** Information supplied follows **

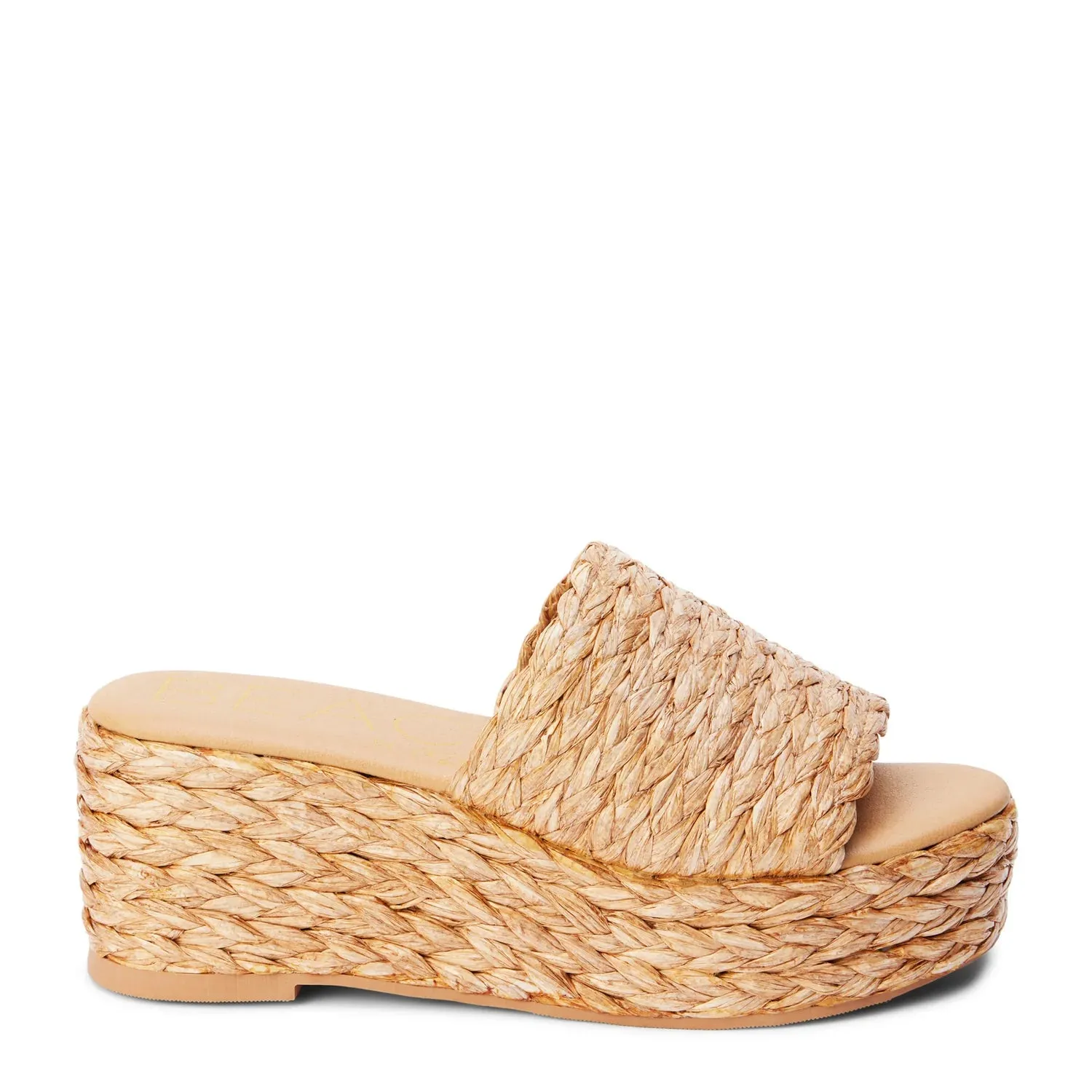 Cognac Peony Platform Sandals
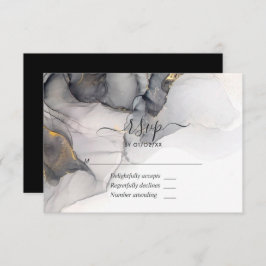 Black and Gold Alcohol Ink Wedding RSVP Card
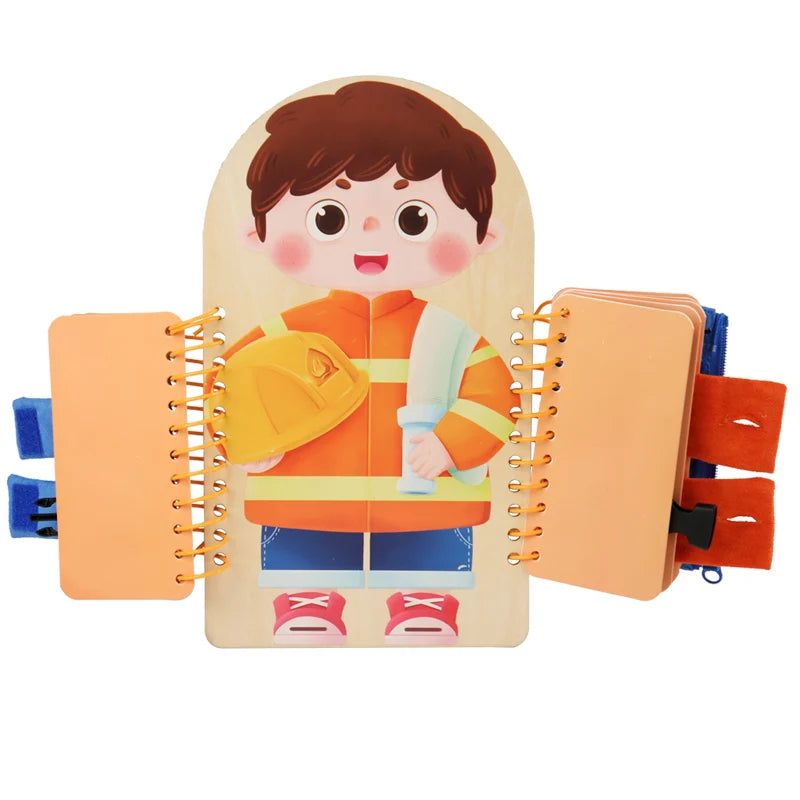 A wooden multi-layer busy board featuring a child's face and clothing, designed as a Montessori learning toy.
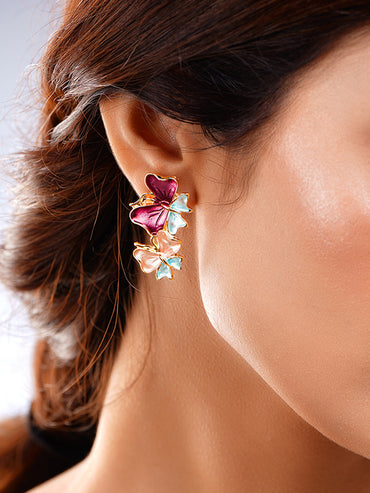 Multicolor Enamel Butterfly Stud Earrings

** End of Information supplied **

**About this exercise:** The reply should consist of the listing restated word for word, with its pictures removed.

**Result:**
 Cognac Peony Platform Sandals
 Black and Gold Alcohol Ink Wedding RSVP Card
 A wooden multi-layer busy board featuring a child's face and clothing, designed as a Montessori learning toy.
 Multicolor Enamel Butterfly Stud Earrings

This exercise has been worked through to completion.